**Problem**. From the first line to the last, retype the records exactly without their images.

**Information shown**.
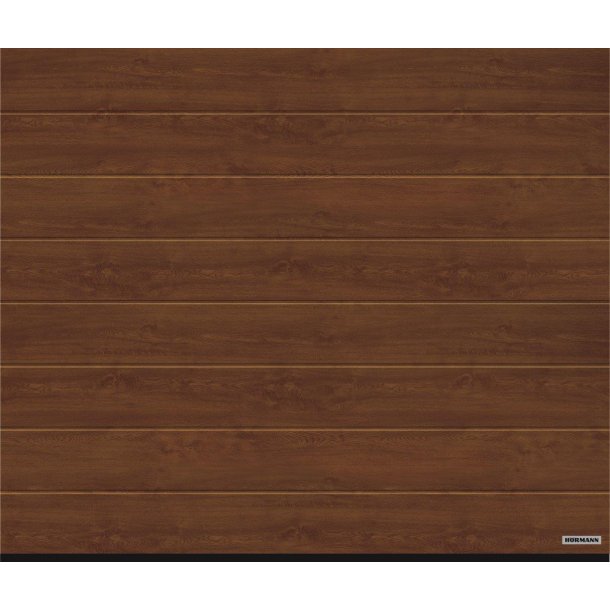 LPU 67 Thermo M-Profil med Decograin overflade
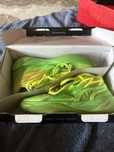 Lamelo MB.02 X SLIME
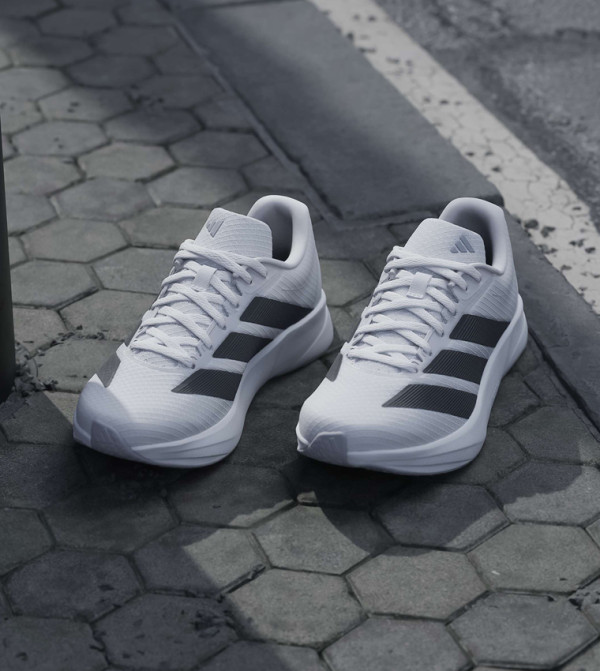 Adidas Shoes - White Low Top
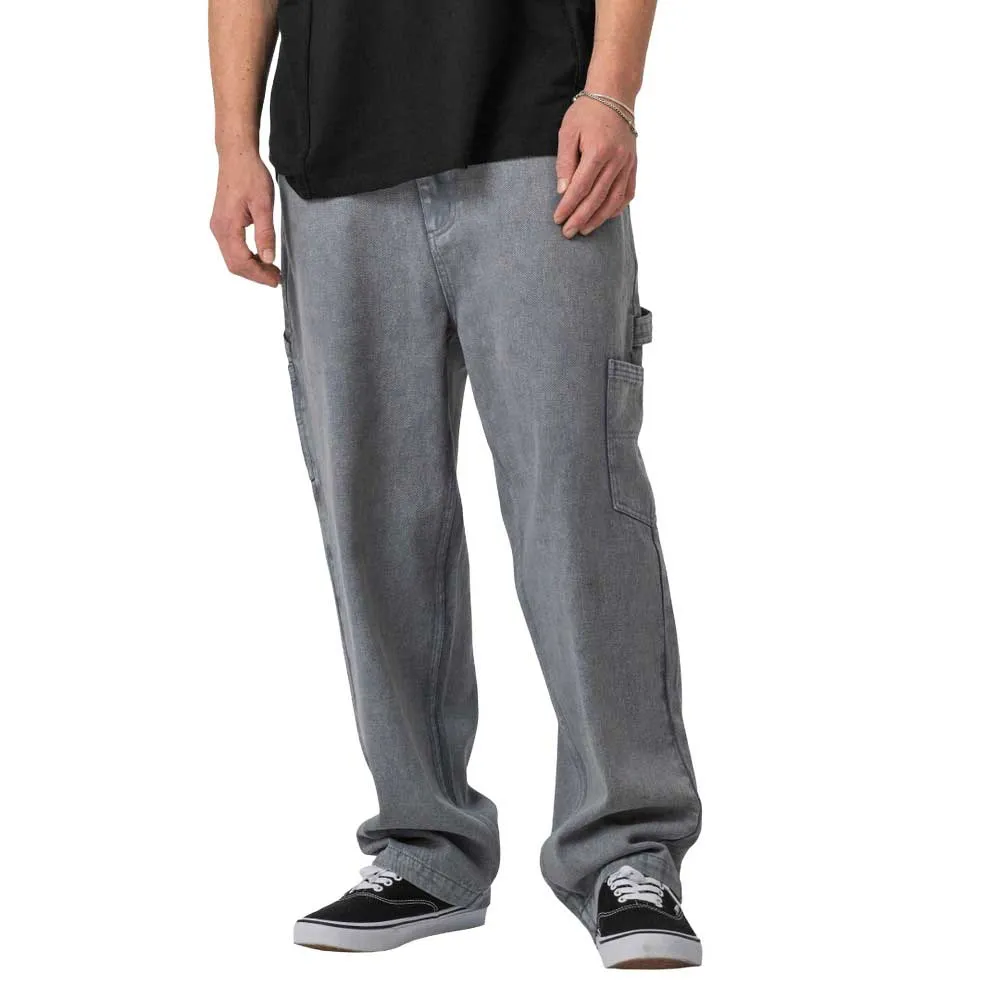 Брюки Santa Cruz Carpenter big, серый
Брюки Santa Cruz Carpenter big, серый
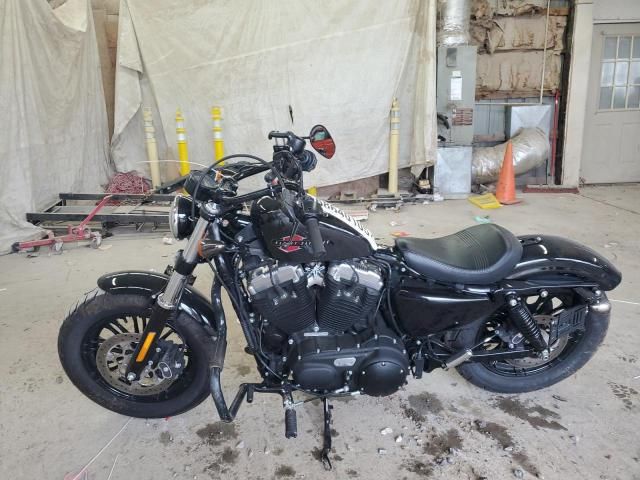 2021 Harley-Davidson XL1200 X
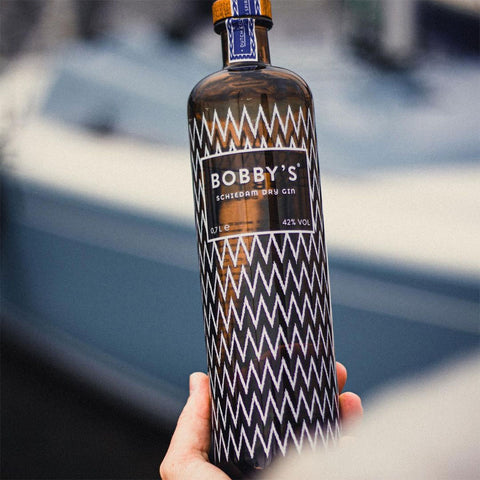 Bobby's Schiedam Dry Gin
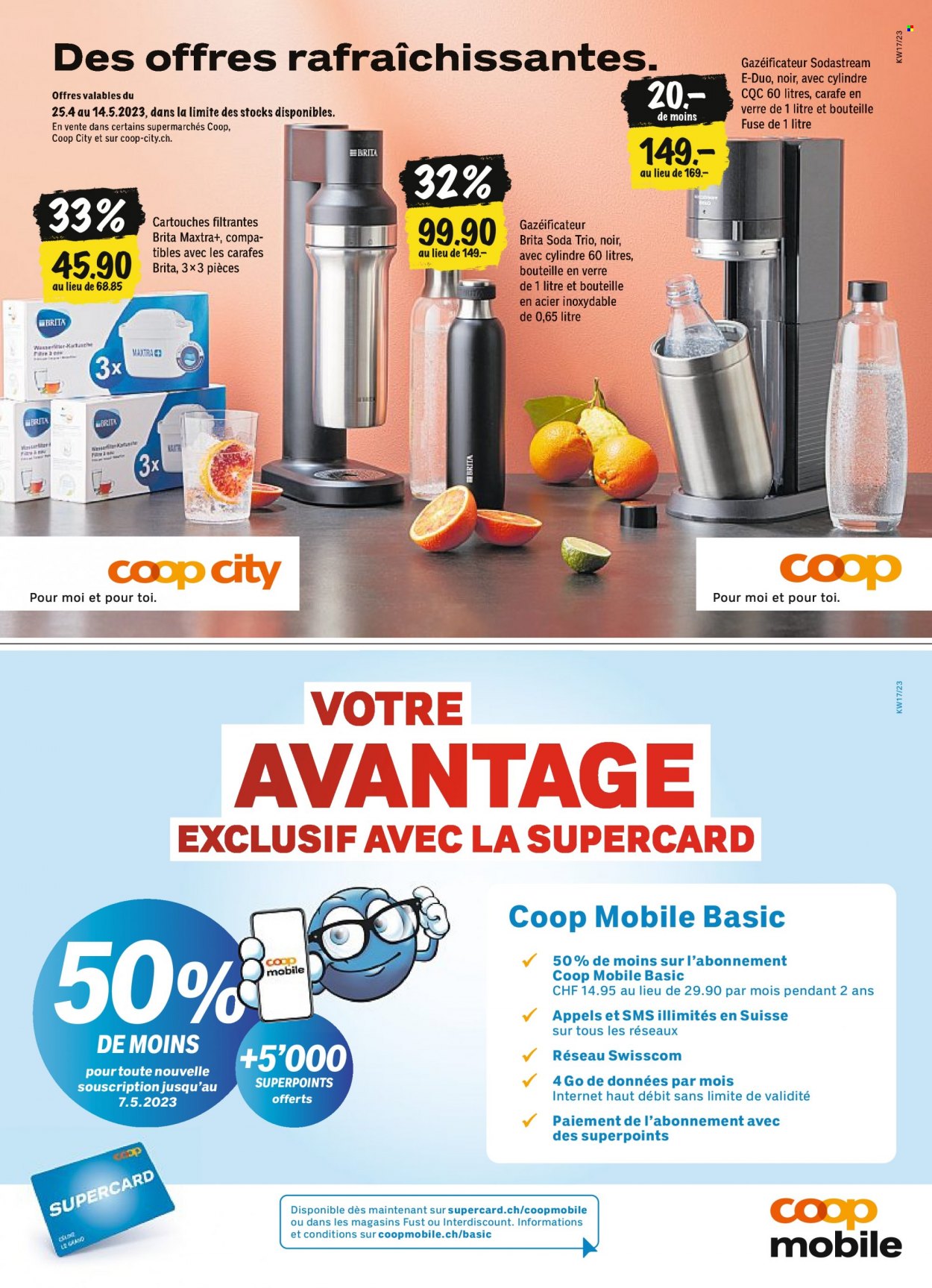Volantino Coop - 25.4.2023 - 1.5.2023. Pagina 100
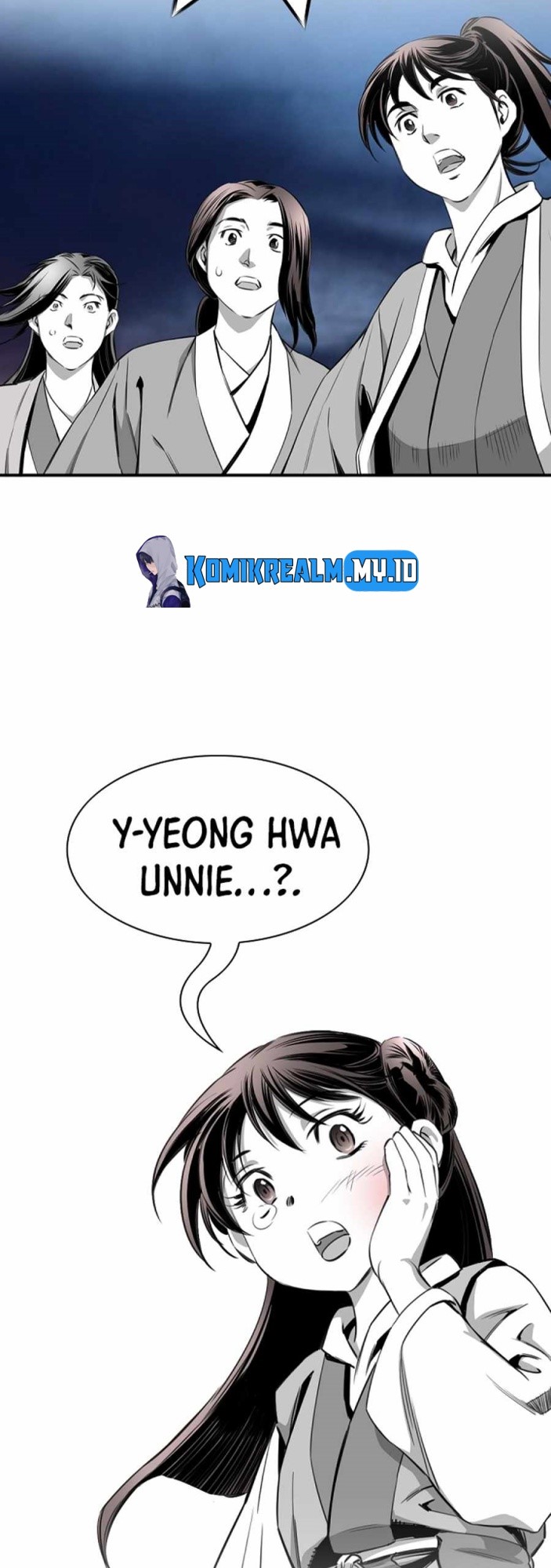 Way To Heaven Chapter 92 Gambar 25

**Output for this task**.
 LPU 67 Thermo M-Profil med Decograin overflade
 Lamelo MB.02 X SLIME
 Adidas Shoes - White Low Top
 Брюки Santa Cruz Carpenter big, серый
Брюки Santa Cruz Carpenter big, серый
 2021 Harley-Davidson XL1200 X
 Bobby's Schiedam Dry Gin
Volantino Coop - 25.4.2023 - 1.5.2023. Pagina 100
 Way To Heaven Chapter 92 Gambar 25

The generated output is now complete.